## What needs to be done
Quote, word for word, the line containing "Alinhamento e Desempeno" and all lines that follow it to the end of the records, with no pictures.

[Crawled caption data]
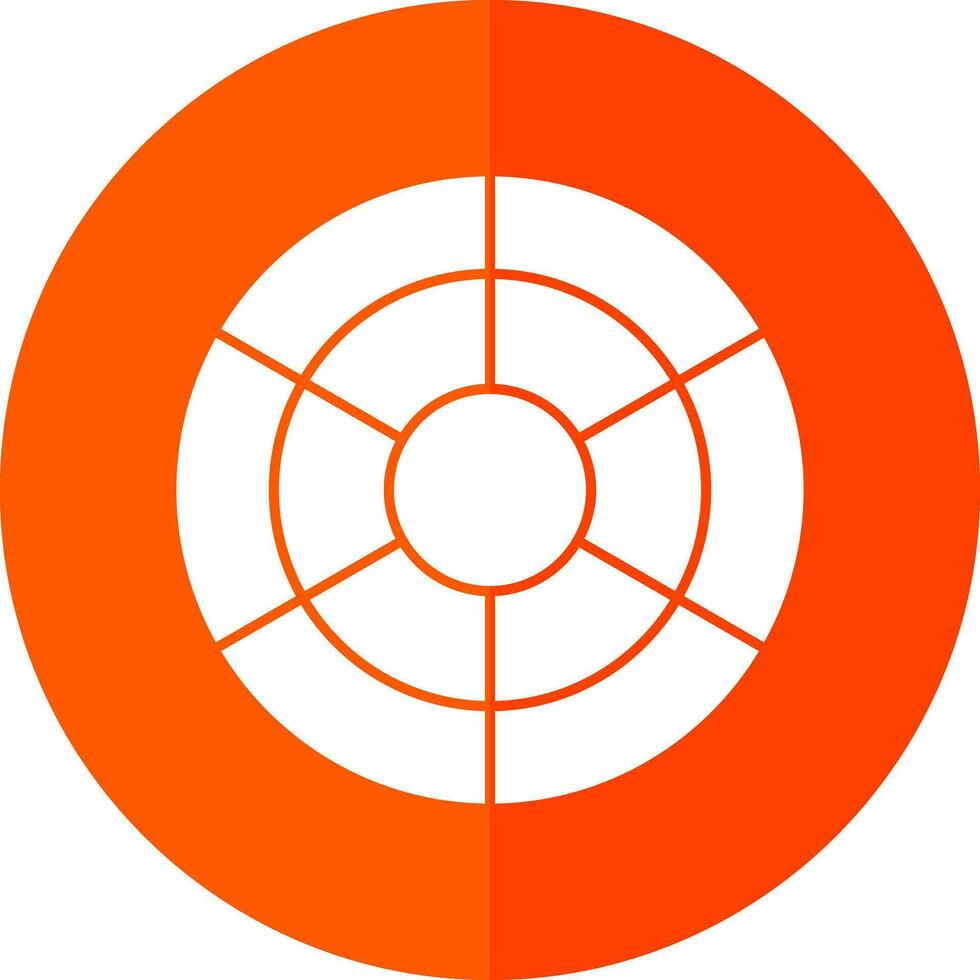 Color circle Vector Icon Design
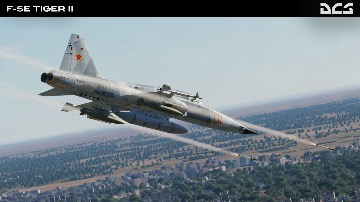 DCS: F-5E Tiger II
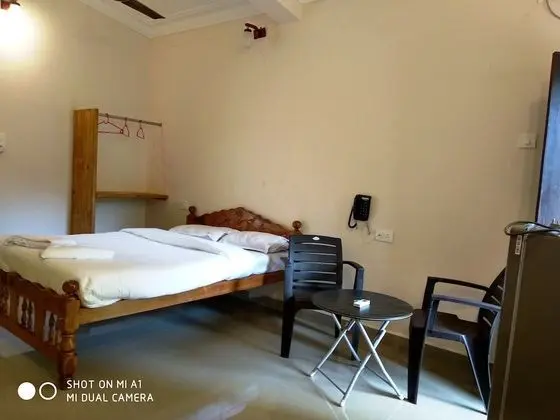 Deluxe Üç Kişilik Oda, Birden Çok Yatak, Sigara İçilebilir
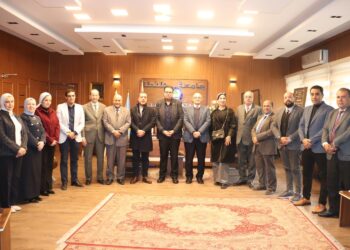 محمود الشاذلى يكتب : نعــــم .. التحيه واجبه لطب طنطا الفخر والشرف .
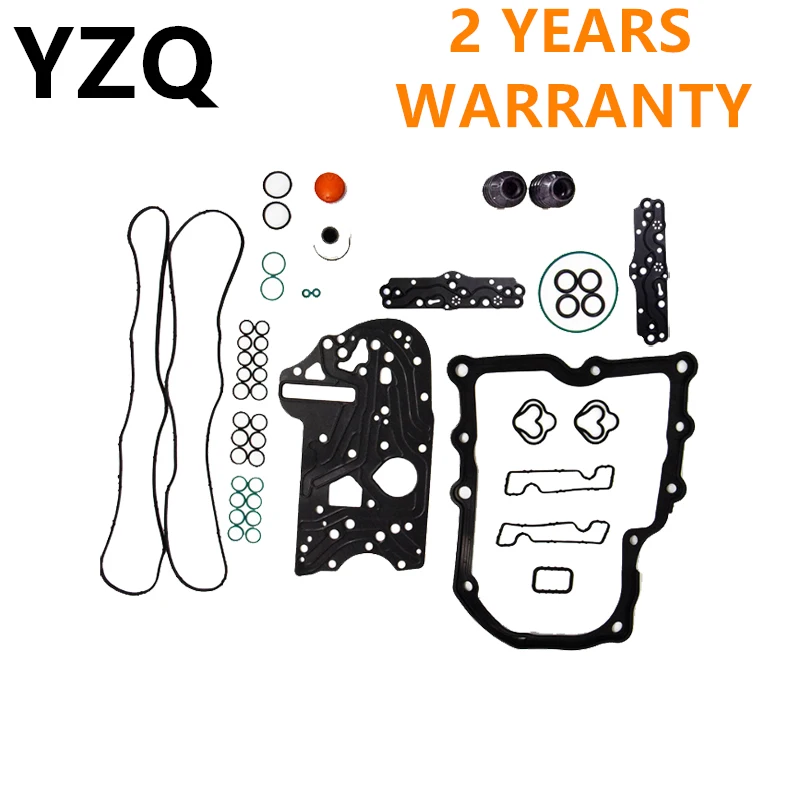 

0AM325066AC DQ200 OAM DSG Valve Accumulator Gasket Repair Set For Audi A1 A3 Q3 For VW Golf Passat Polo Sharan Tiguan For Skoda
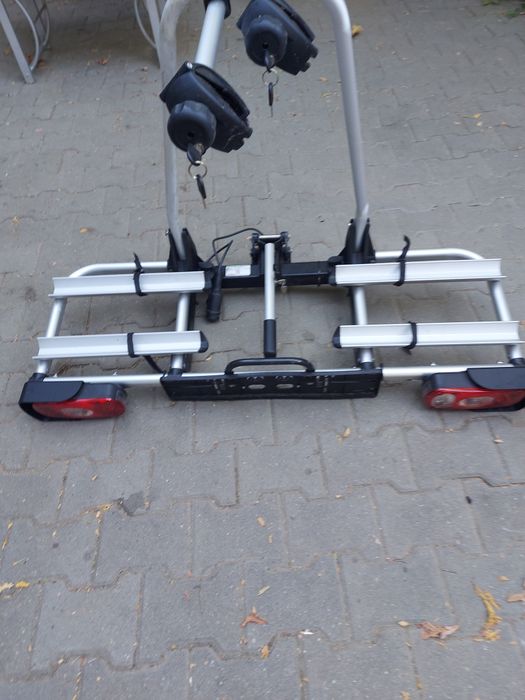 Suport pentru două biciclete  uebler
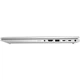 Ноутбук HP 15 Probook 450-G10 15.6" FHD IPS AG, Intel i7-1355U, 32GB, F512GB, UMA, Win11P, сріблястий (8D4F4ES) - зображення 6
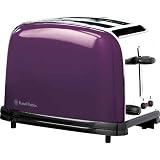 Russell Hobbs Colours Purple Passion Toastervon "Russell Hobbs"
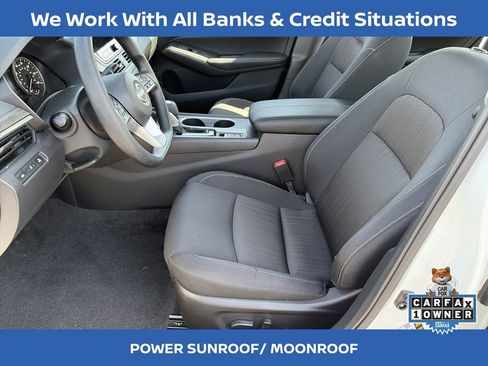 Certified 2025 Nissan Altima 2.5 SV w/ SV Special Edition Package image 26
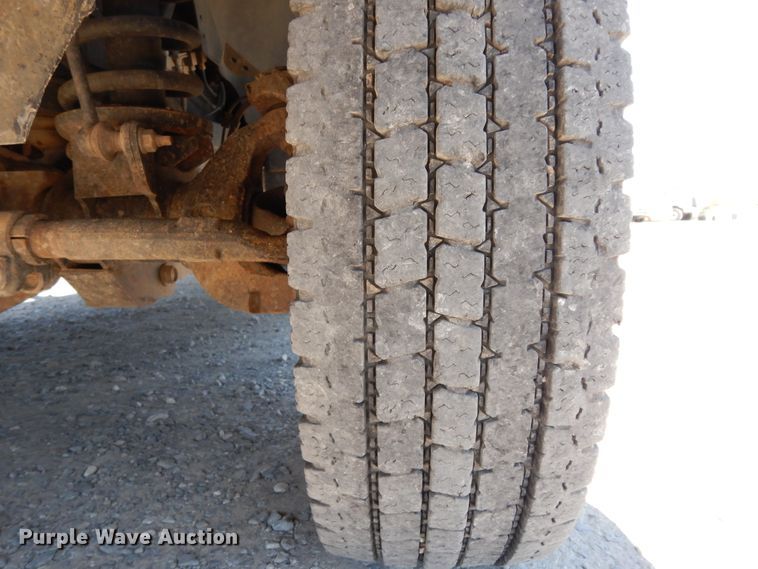 image for item DJ6607 2015 Dodge Ram 5500  bucket truck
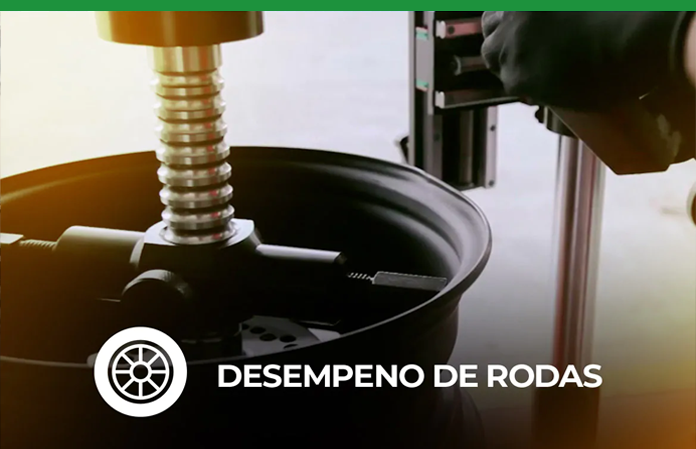 Alinhamento e Desempeno de Rodas em EPTG / Vicente Pires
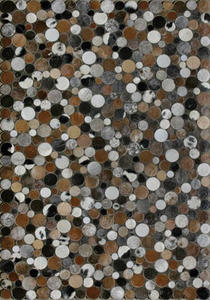 Name:Tahoe Pebble TH-04 Cowhide Rug, Item id:7510_TH-04_Pebble.jpg (Medium Image)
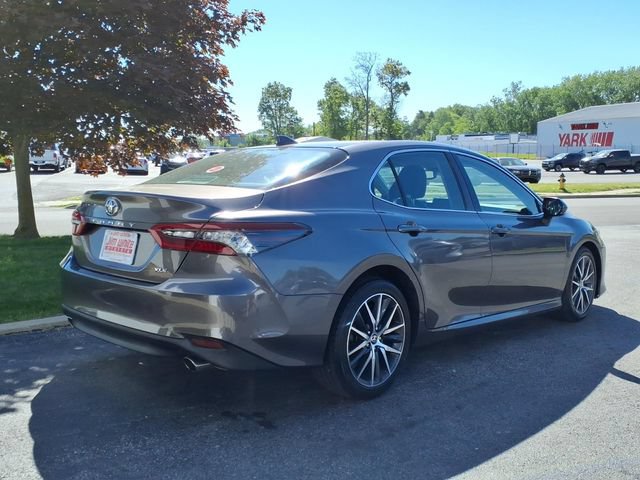 Certified 2023 Toyota Camry XLE FWD image 5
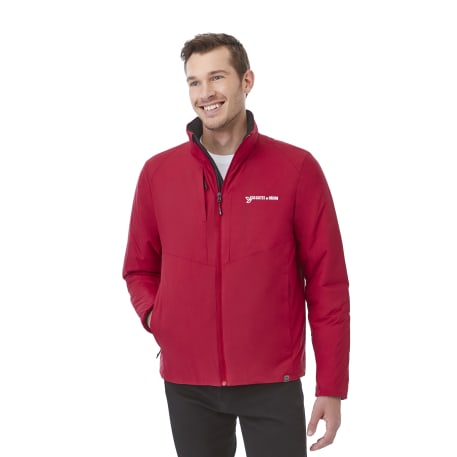 Men's KYES Eco Packable Insulated Jacket - Image 12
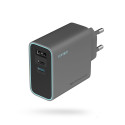 CUKTECH 65W GaN charger 2C1A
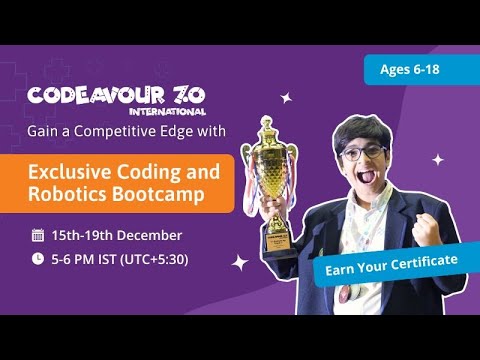 How to Build Track 2 Robot and Mechanisms in Codeavour 7.0? |  Hands-On Activity & Experts Tips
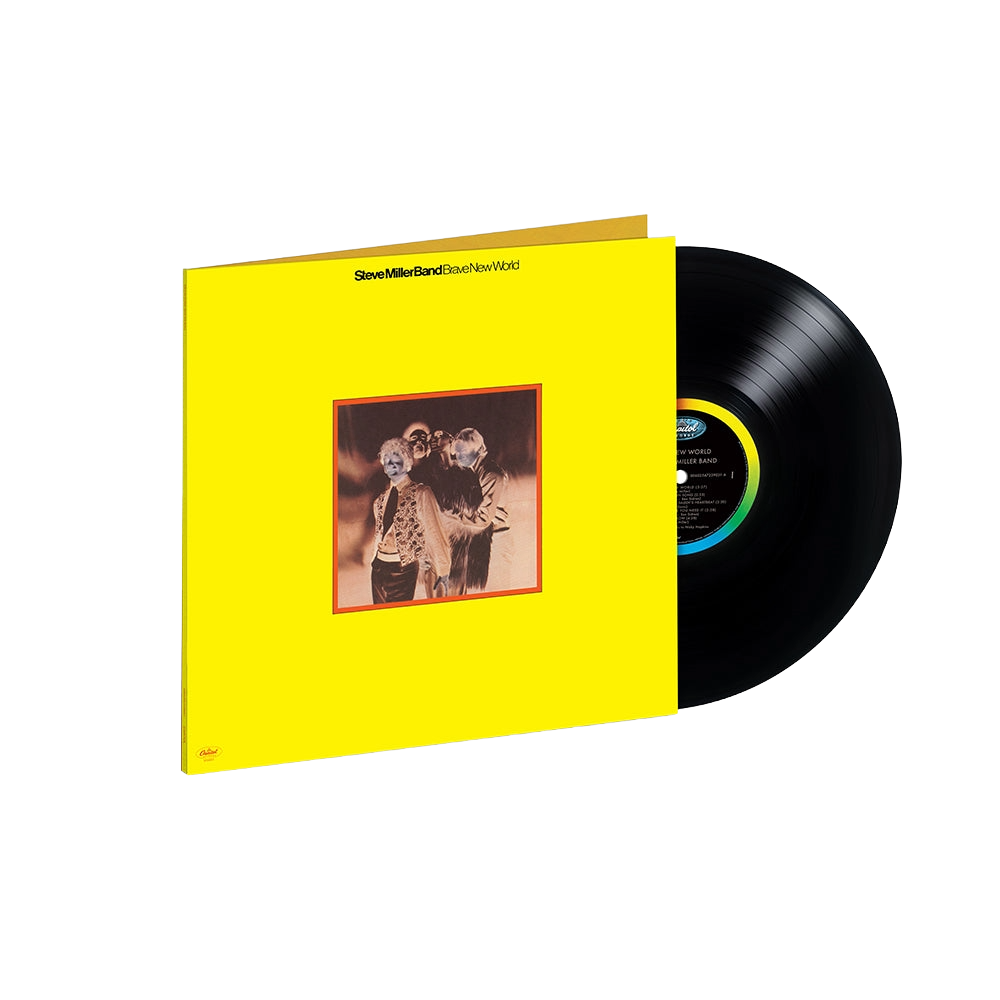 Brave New World (180g) LP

## Reply to the exercise
 Alinhamento e Desempeno de Rodas em EPTG / Vicente Pires
 Name:Tahoe Pebble TH-04 Cowhide Rug, Item id:7510_TH-04_Pebble.jpg (Medium Image)
 Certified 2023 Toyota Camry XLE FWD image 5
 Men's KYES Eco Packable Insulated Jacket - Image 12
 CUKTECH 65W GaN charger 2C1A
 How to Build Track 2 Robot and Mechanisms in Codeavour 7.0? |  Hands-On Activity & Experts Tips
 Brave New World (180g) LP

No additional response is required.